When completed, the EWP-EDF One wave energy project will include 10 floaters connected to one conversion unit, which is already installed onsite. The EWP-EDF One conversion unit is located on land, similar to a normal power station, which enables easy access for operation and maintenance. This highlights the significant advantages of the EWP onshore technology, in comparison to offshore solutions.
How it works
The floaters draw energy from incoming waves by converting the rising and falling motion of the waves into a clean energy generation process. More precisely, the movement of the floaters compresses and decompresses hydraulic pistons which transmit bio-degradable hydraulic fluid into land located accumulators. In the accumulators, pressure is built, which rotates a hydraulic motor, which in turn rotates the generator, and then the electricity is transferred into the grid, via an inverter.
The fluid, after decompression, flows back into the hydraulic fluid tank, where it is then re-used by the pistons, thus creating a closed circulatory system. The system commences production of electricity from wave heights of 0.5 meters. The whole operation of the system is controlled and monitored by a smart automation system. Also, when the waves are too high for the system to handle the floaters automatically rise above the water level and stay in the upward position until the storm passes. Once the storm passes, the floaters return to operation mode.
Plans for India
“The Indian market is very interesting for us because it has many different locations like Maharashtra, like Gujarat, which boasts of very large coastlines. According to studies by the government of India, it has a very large wave energy potential that is not yet utilized,” said Braverman.

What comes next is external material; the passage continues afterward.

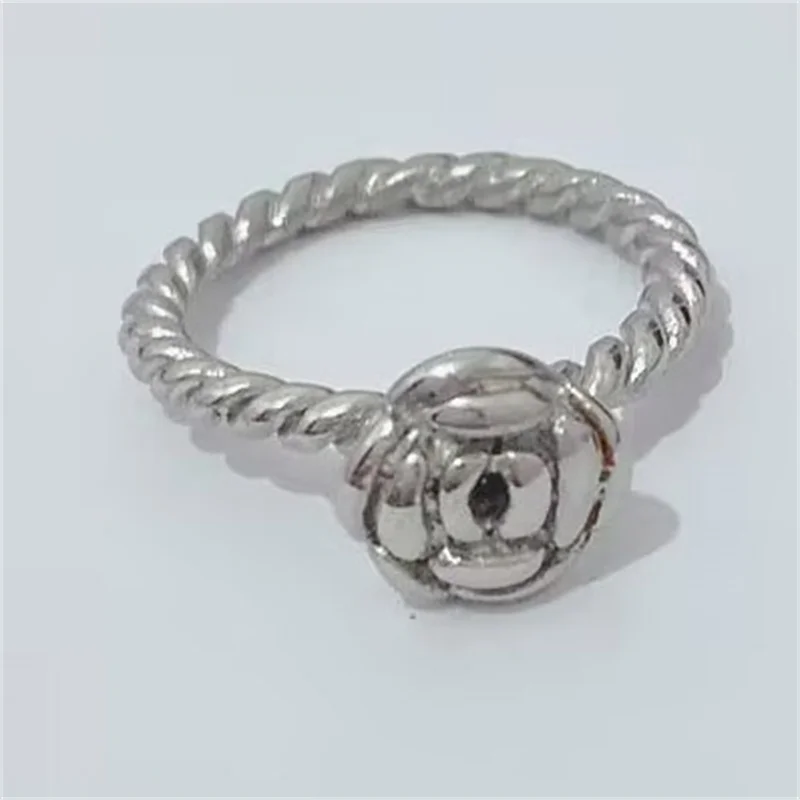 Stainless Steel Ring, Shiny Round Style, Versatile For Couples, Paired With Rings For Women
Stainless Steel Ring, Shiny Round Style, Versatile For Couples, Paired With Rings For Women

EWP is in discussion with a number of organizations in India. Currently, it is in collaboration discussions with Non-conventional Energy Development Corporation of Andhra Pradesh Limited (NEDCAP) for the implementation of wave technology in Andhra Pradesh. The company is looking to enter a collaboration agreement with NREDCAP that will assist EWP in securing the site and funding for a pilot in Andhra Pradesh and a large-scale PPA.
EWP is also in collaboration discussions with Agency for New and Renewable Energy Research and Technology (ANERT) and are exploring how both the organisations can work together to implement the system in Kerala.
“Usually we penetrate new markets with partnerships exactly like we’re doing in the new project in Israel with EDF and the French national electrical company. In India, Tata Power and Adani Power will be perfect partners for us and we will be glad to get in touch with them,” said Braverman.
“We can begin with a pilot project and then expand it. Let the citizens, the media, the investment companies see how it works. Many times no matter if it works in Gibraltar, no matter if it works in Israel, they want to see it on their land with all the regulations. So that’s why we penetrate the market through these kinds of partnerships,” she added.